▶ _Task objective_
Exact copy, no pictures: reproduce every record below as it stands.

Saved data entries
___

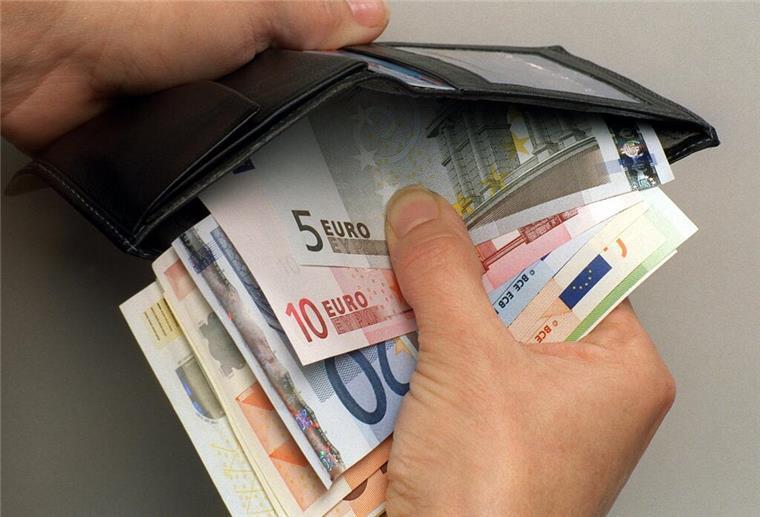 Klimageld gestrichen: Merz-Regierung setzt auf Stromsteuer Eine Person verstaut mehrere Geldscheine in ihrer Brieftasche.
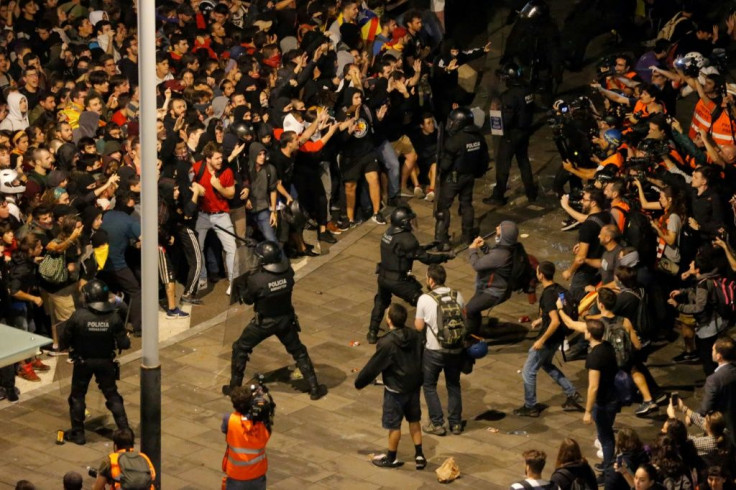 Protesters clash with Spanish policemen outside El Prat airport in Barcelona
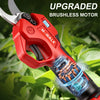 Red M-WALK brushless electric pruning shears with a visible motor and blades in a green outdoor setting.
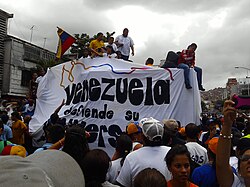 Student representatives speaking to the crowd during a college march in Caracas, Venezuela in 2013.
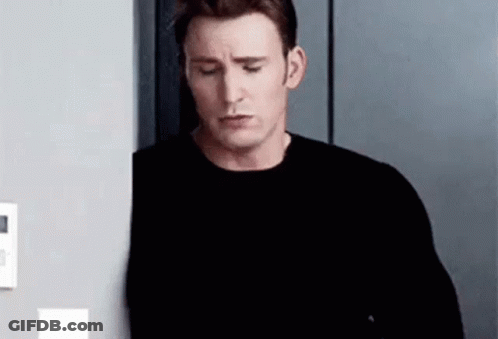 Man Leaning Against Wall GIF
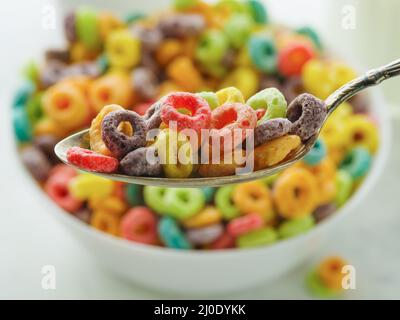 Macro shot. Crispy cereal rings in different colors on a spoon and in a bowl. Quick whole grain breakfast, healthy nutrition. Healthy lifestyle. Child Stock Photo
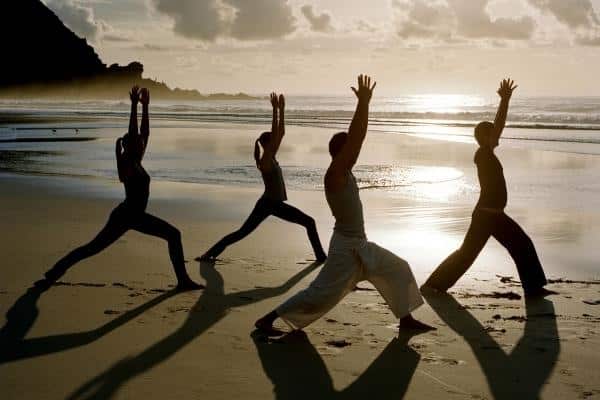 Yoga practice on the beach at sunset can do wonders for your well-being.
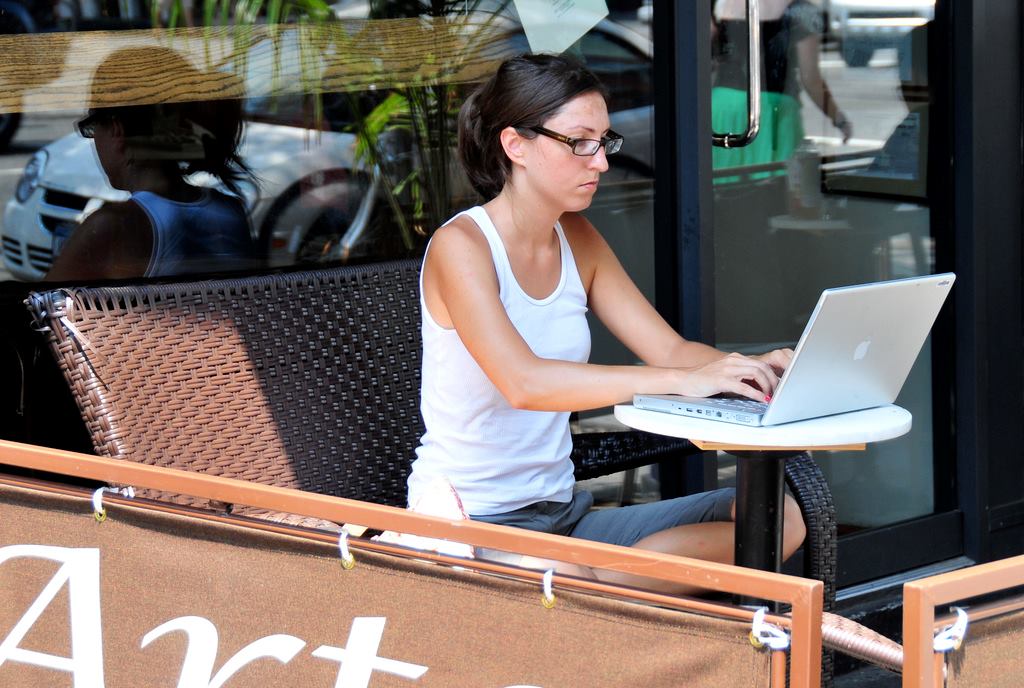 A woman works on her laptop from the comfort of a sidewalk cafe.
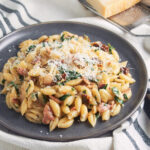 Bacon sun dried tomato pasta with spinach and cream on plate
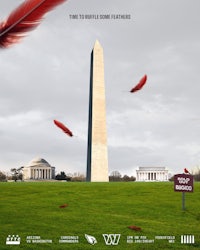 the washington monument with red feathers in the background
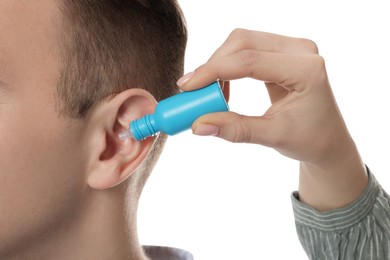 Woman dripping medication into man's ear on white background, closeup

___

▶ _Response_
 Klimageld gestrichen: Merz-Regierung setzt auf Stromsteuer Eine Person verstaut mehrere Geldscheine in ihrer Brieftasche.
 Protesters clash with Spanish policemen outside El Prat airport in Barcelona
 Red M-WALK brushless electric pruning shears with a visible motor and blades in a green outdoor setting.
 Student representatives speaking to the crowd during a college march in Caracas, Venezuela in 2013.
 Man Leaning Against Wall GIF
 Macro shot. Crispy cereal rings in different colors on a spoon and in a bowl. Quick whole grain breakfast, healthy nutrition. Healthy lifestyle. Child Stock Photo
 Yoga practice on the beach at sunset can do wonders for your well-being.
 A woman works on her laptop from the comfort of a sidewalk cafe.
 Bacon sun dried tomato pasta with spinach and cream on plate
 the washington monument with red feathers in the background
 Woman dripping medication into man's ear on white background, closeup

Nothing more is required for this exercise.